Sermons


Listen to the sermon with the player below, or, download the audio.



+ + + In Nomine Jesu + + +

Please join me in prayer: May the words of my mouth and the meditations of our hearts be pleasing in your sight, O Lord, our Rock and our Redeemer. Amen.

Dear Brothers and Sisters in Christ,

Grace to you and peace from God our Father and from the Lord Jesus Christ. (Amen.)

“It is good that we are here!” Being here this day is good especially for Hazel May, our new sister in Christ, whom God today graciously made His child through the washing of water with the Word of Holy Baptism, cleansing her like the rest of His Church, Whom Christ loved and for Whom He gave Himself up (Ephesians 5:25-26). What a blessing not only to Hazel but also to Hazel’s parents, to her Godparents, and to all of us who are here, either in-person or on‑line. For, we saw that miracle, no face shining like the sun or clothes becoming white as light yet, though those things will come when the Lord, Who began this good work in her, brings it to completion at the Day of Jesus Christ (Philippians 1:6). Truly, “It is good that we are here!”

In some sense, it was “good” that Peter, James, and John were present with Jesus on a high mountain by themselves in today’s Gospel Reading. It was six days after Jesus had begun showing His disciples that He must go to Jerusalem, suffer many things, be killed, and on the third day be raised. However, Peter, who just had confessed that Jesus was the Christ, the Son of the living God, and who been told that on that confession Christ would build His Church and that the gates of hell would not prevail against His Church—Peter would not “listen” to Him, which not listening prompted Jesus to rebuke Peter and to tell all His disciples to deny themselves and to take up their crosses and to follow Him, for, He said, He is going to come with His angels in the glory of His Father and repay each person according to what he or she has done. (Matthew 16:13-28.) Yes, since at least Peter apparently needed a glimpse of Jesus’s Divine glory before Jesus’s suffering, in some sense, it was “good” that they were there.

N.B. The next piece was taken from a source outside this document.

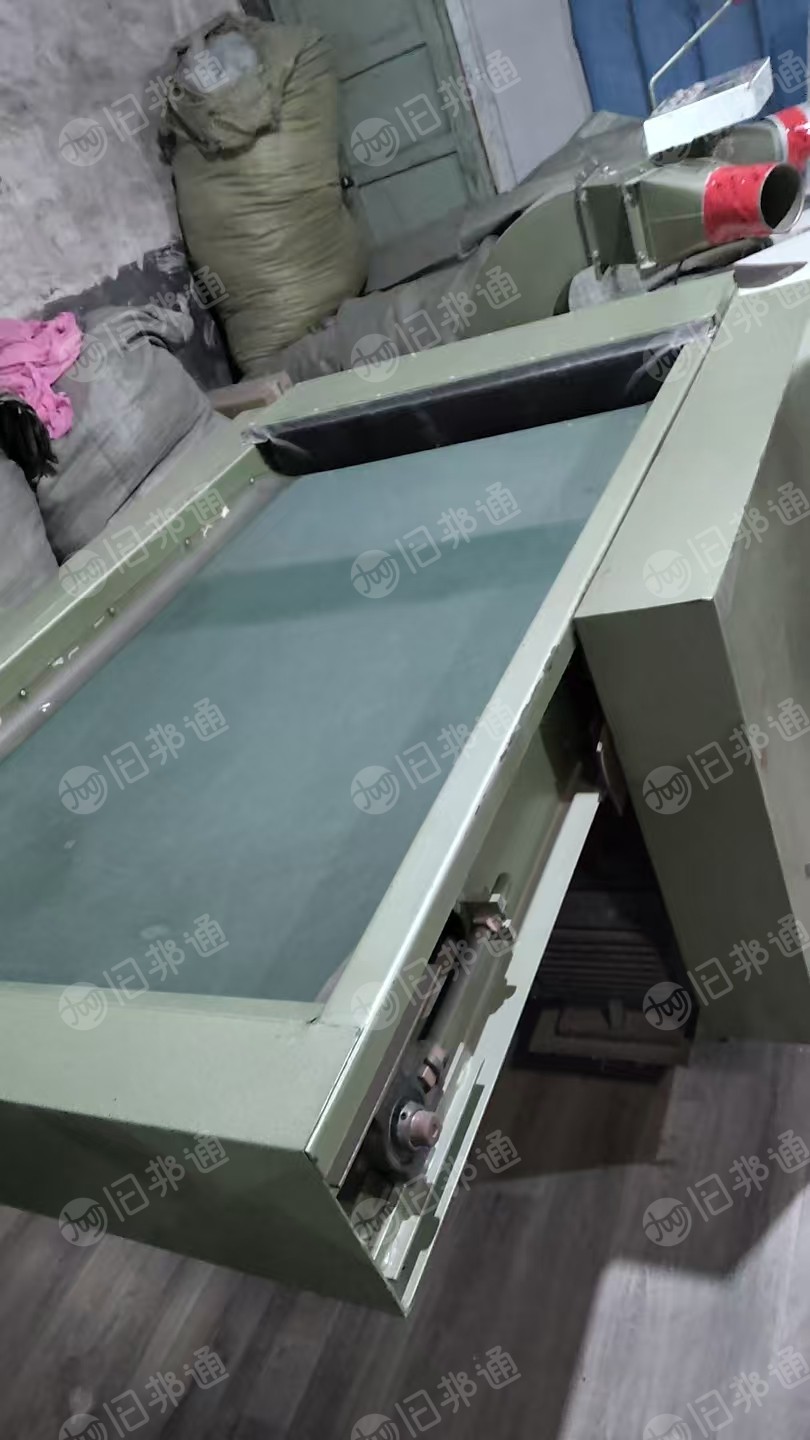 出售珍珠棉切割机，珍珠棉机器，可以做枕芯填充，一机两用，厂不干了要处理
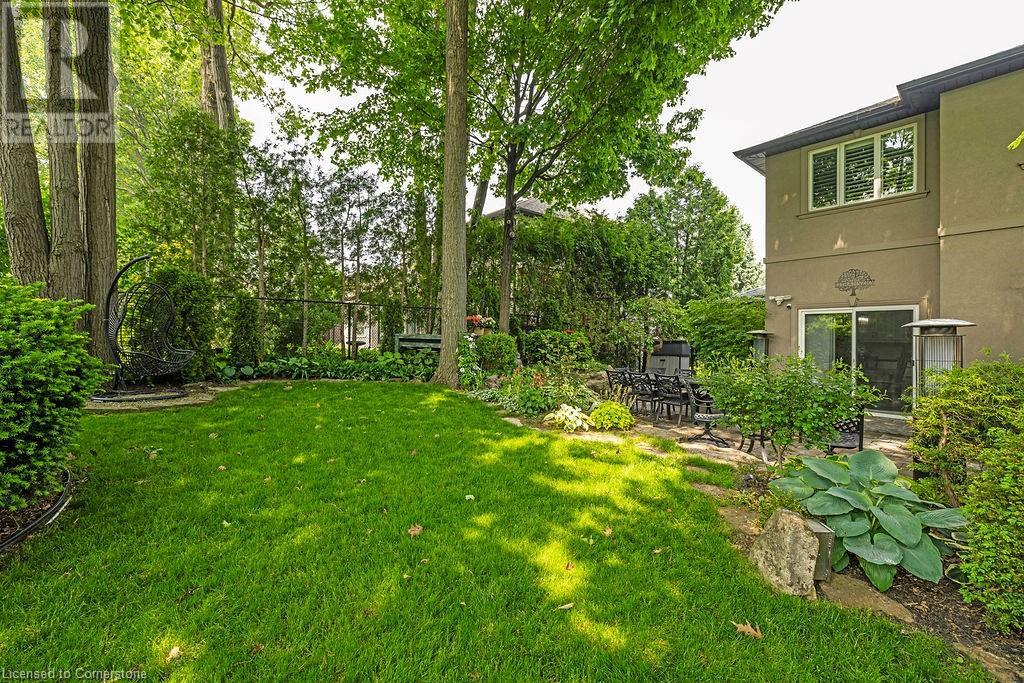 1091 Forestvale Drive, Burlington, Ontario  L7P 4W4 - Photo 8 - 40736482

It may not have been good that they were there in the sense that Peter meant it when he said it, however, to the extent that Peter even knew what he said (Luke 9:33). In the Gospel Reading, Peter says “here” twice, perhaps on the mountain in contrast to Jerusalem, and, by offering to build three tents—or tabernacles like those that recalled the people of Israel’s forty years of wandering in the wilderness—Peter is usually understood as trying to stay longer on the mountain in glory, trying to stay there longer instead of going down the mountain to suffering, trying to stay there longer at least until Peter was interrupted by God the Father’s voice speaking from the bright cloud, telling them to listen to Jesus. For, then Peter and the other two disciples fell on their face and were terrified. Maybe trying to stay there longer was not such a good idea after all.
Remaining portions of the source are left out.